## Exercise brief
Go to the line below that has "RBCKVXZ Drip Irrigation", print it and each line after it exactly, and stop after the line that has "Image X-Men: Evolution Saison 4"; leave out pictures.

========

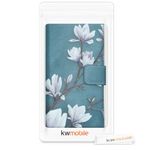 Husa pentru Samsung Galaxy J5 (2017), Piele ecologica, Multicolor, 41163.05 fotografia produsului View 7 S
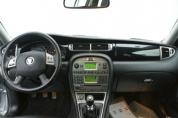 JAGUAR X-Type 2.5 V6 Estate Classic AWD (Automata)  (2008-2009)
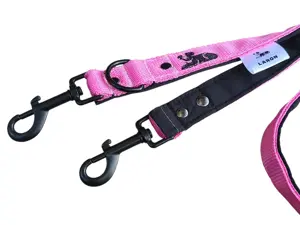 Vodítka LARON Vodítka LARON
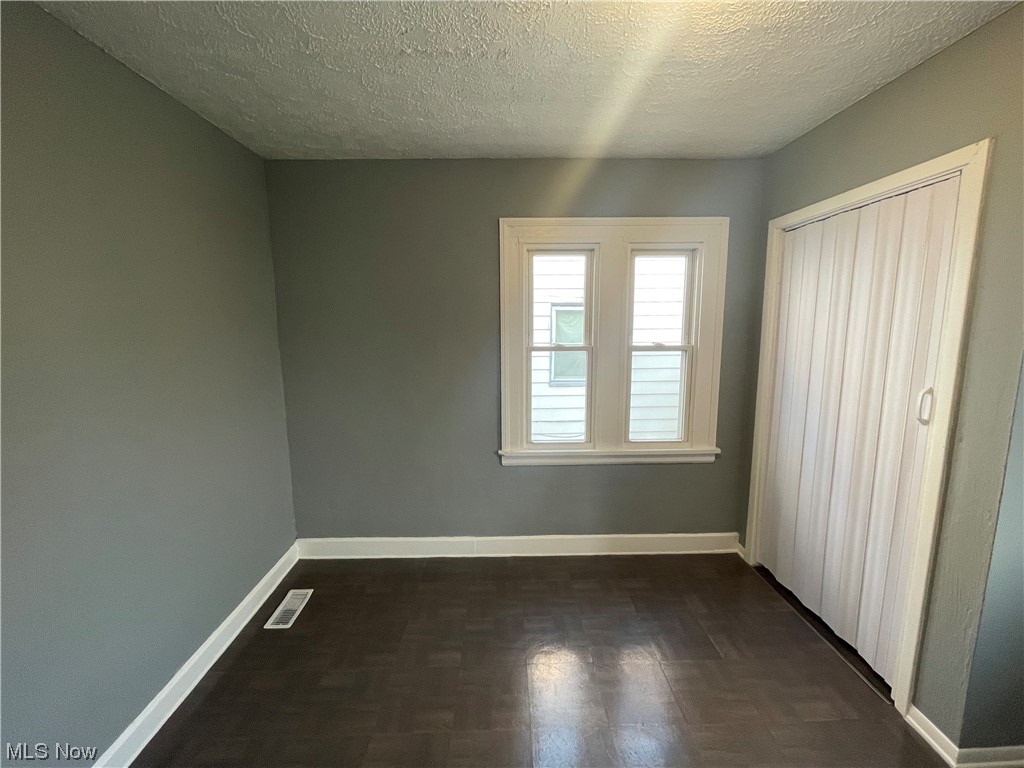 Gibbs - Residential Lease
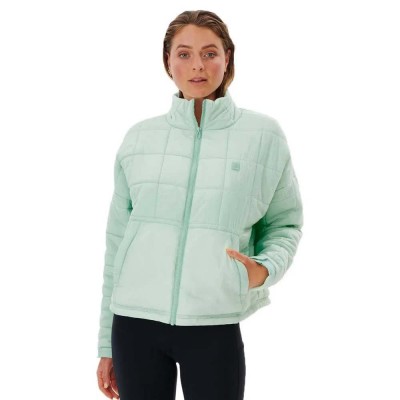 яке,дамски,якета,и,палта,rip,curl,anti,series,anotea,pack,jacket,green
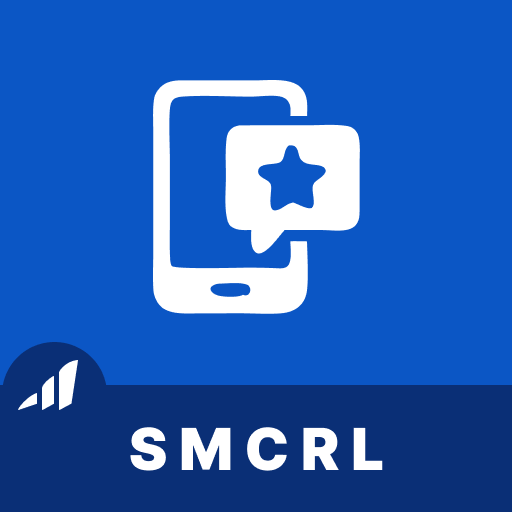 Social Media Content Law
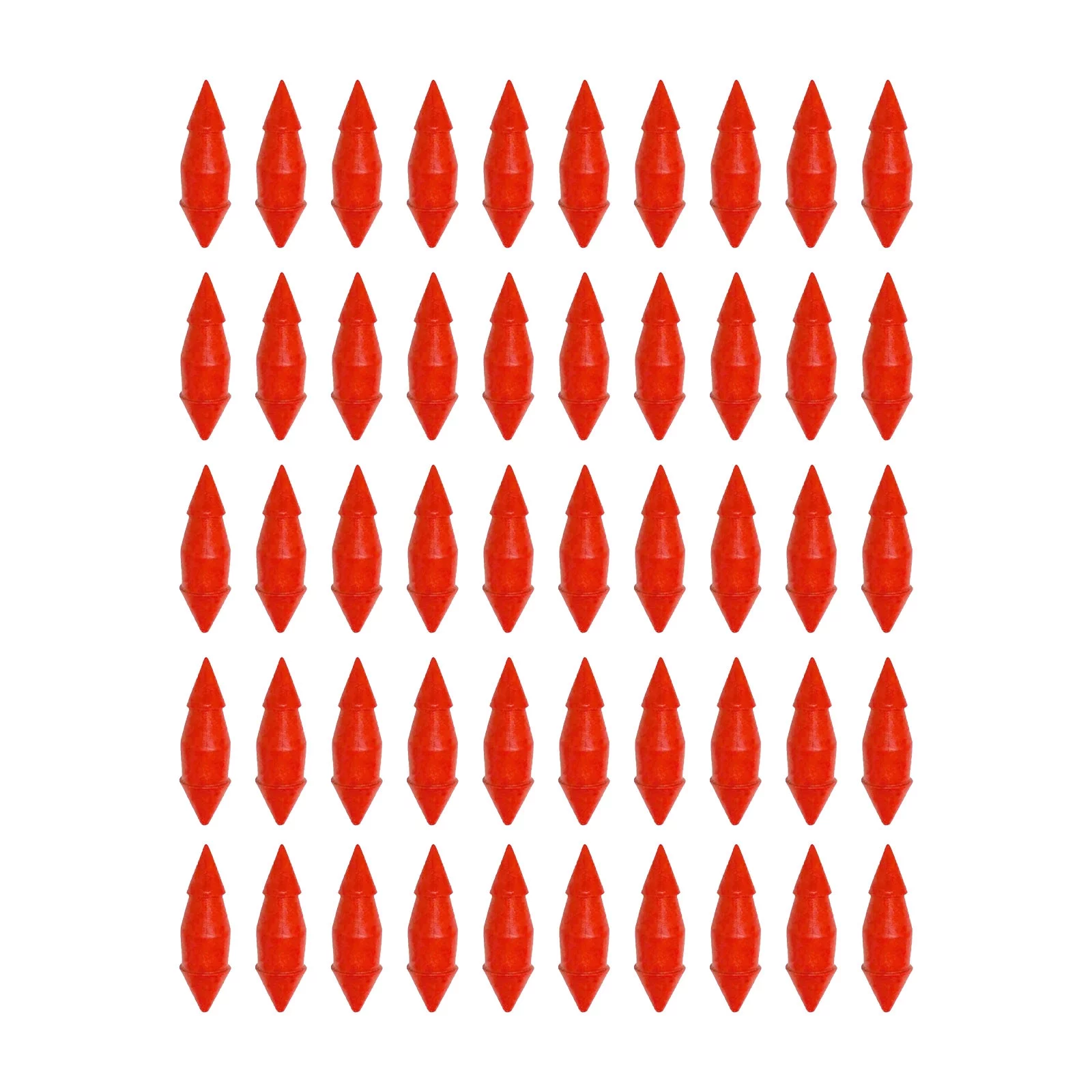 RBCKVXZ Drip Irrigation Plug Drip Irrigation Plug Home Essential on Clearance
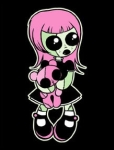  (114x150, 10Kb)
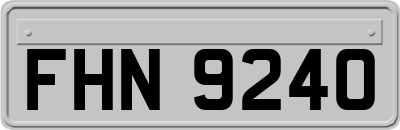 FHN9240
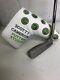 Titleist Scotty Cameron Calafornia Del Mar Putter 34 inch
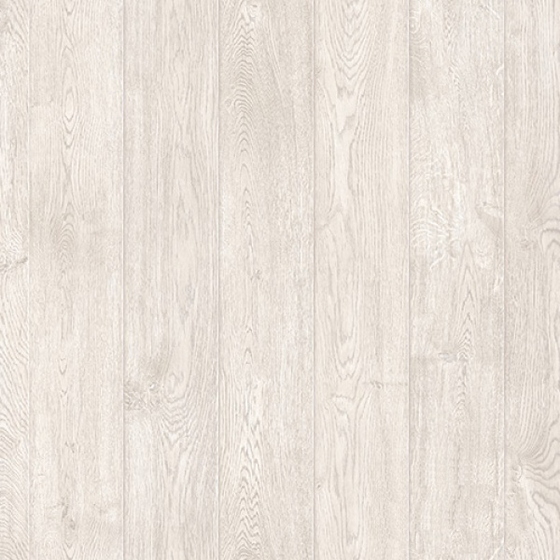 articul-A68154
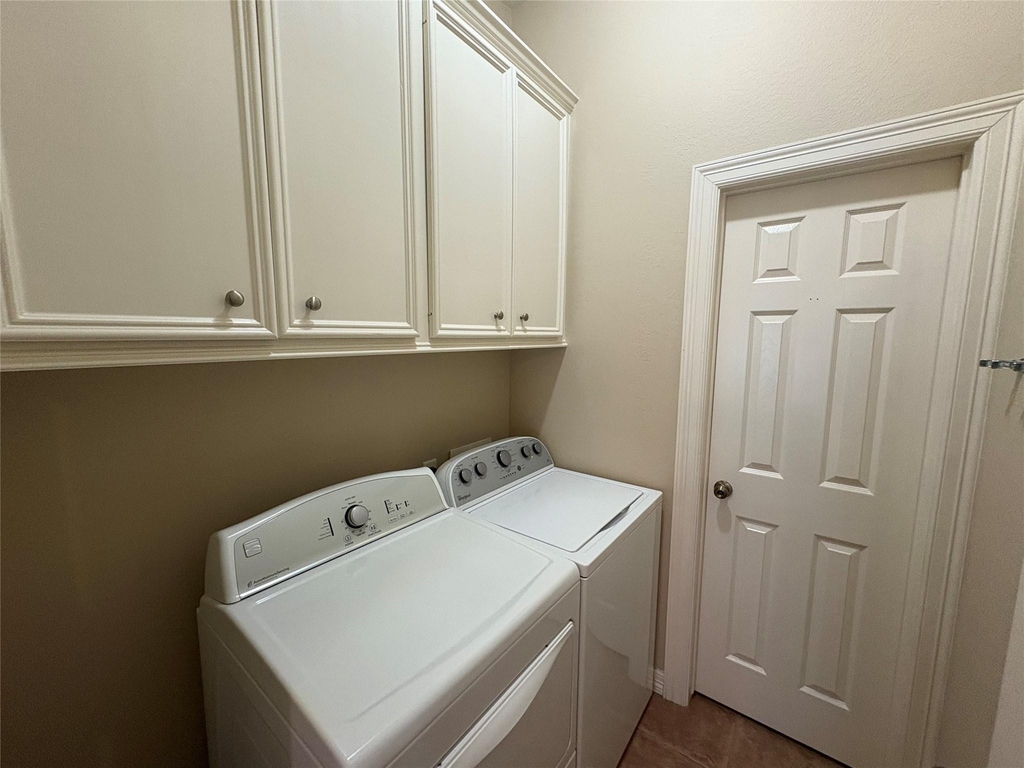 3618 Country Club Boulevard - Photo 12
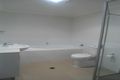 Property photo of 1/10 Robinia Way Cessnock NSW 2325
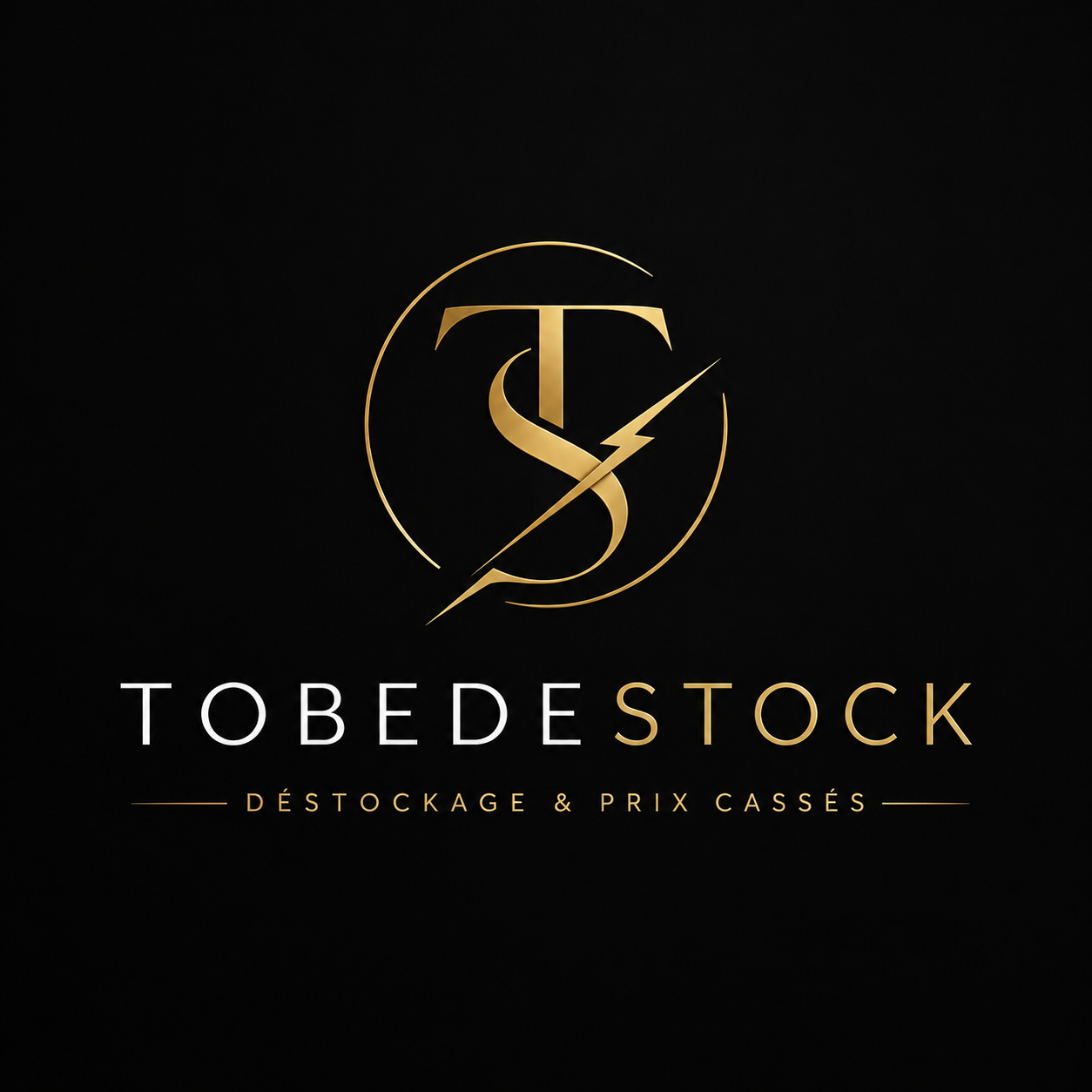 tobedestock TBDS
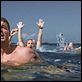 A la deriva : photo Eric Dane, Hans Horn, Niklaus Lange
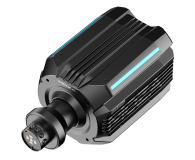 Moza Racing R25 RS091 - 1485847 - zdjęcie 4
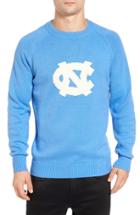 Men's Hillflint University Of North Carolina Heritage Sweater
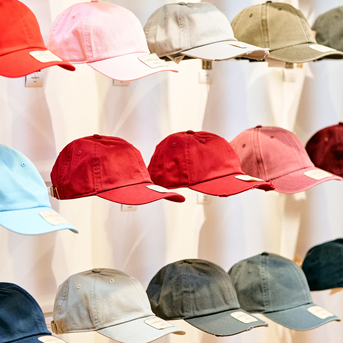 la-prima-edizione-di-atlantis-academy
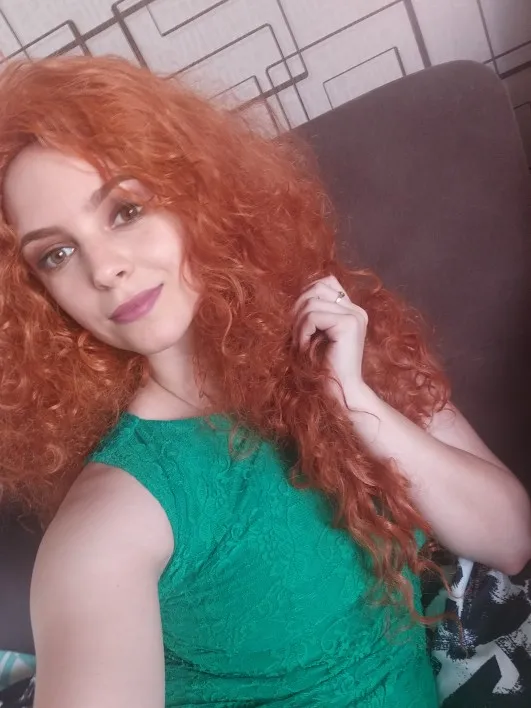 Cosplay&ware Cosplay Wig Long Curly Role Play Halloween Hair Women Costume -Zentai shop online HTB1ZJSSdgKG3KVjSZFLq6yMvXXaB.jpg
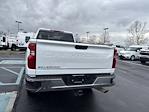 Used 2020 Chevrolet Silverado 2500 Work Truck Double Cab for sale #25-6992A - photo 7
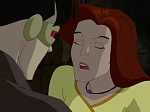 Image X-Men: Evolution Saison 4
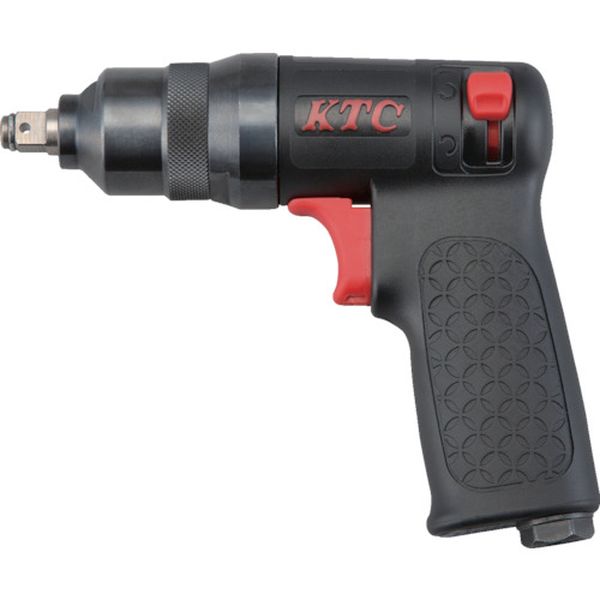 【メーカー在庫あり】 京都機械工具(株) KTC 9.5sq.インパクトレンチ JAP130 HD店
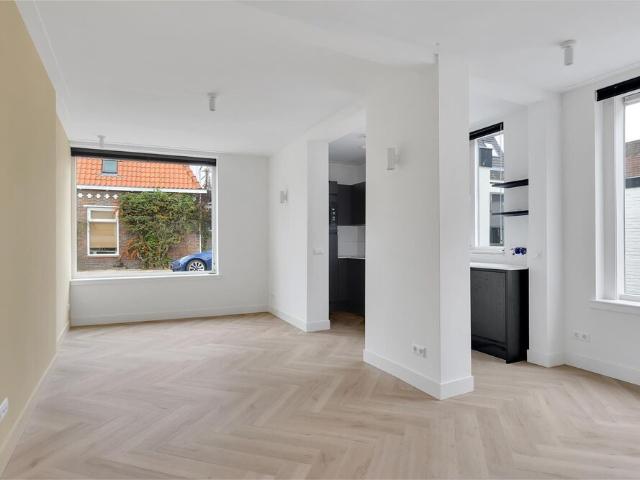 Woning te huur in Haarzuilens, Utrecht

========

## Response area
 RBCKVXZ Drip Irrigation Plug Drip Irrigation Plug Home Essential on Clearance
  (114x150, 10Kb)
 FHN9240
 Titleist Scotty Cameron Calafornia Del Mar Putter 34 inch
 articul-A68154
 3618 Country Club Boulevard - Photo 12
 Property photo of 1/10 Robinia Way Cessnock NSW 2325
 tobedestock TBDS
 A la deriva : photo Eric Dane, Hans Horn, Niklaus Lange
 Moza Racing R25 RS091 - 1485847 - zdjęcie 4
 Men's Hillflint University Of North Carolina Heritage Sweater
 la-prima-edizione-di-atlantis-academy
 Cosplay&ware Cosplay Wig Long Curly Role Play Halloween Hair Women Costume -Zentai shop online HTB1ZJSSdgKG3KVjSZFLq6yMvXXaB.jpg
 Used 2020 Chevrolet Silverado 2500 Work Truck Double Cab for sale #25-6992A - photo 7
 Image X-Men: Evolution Saison 4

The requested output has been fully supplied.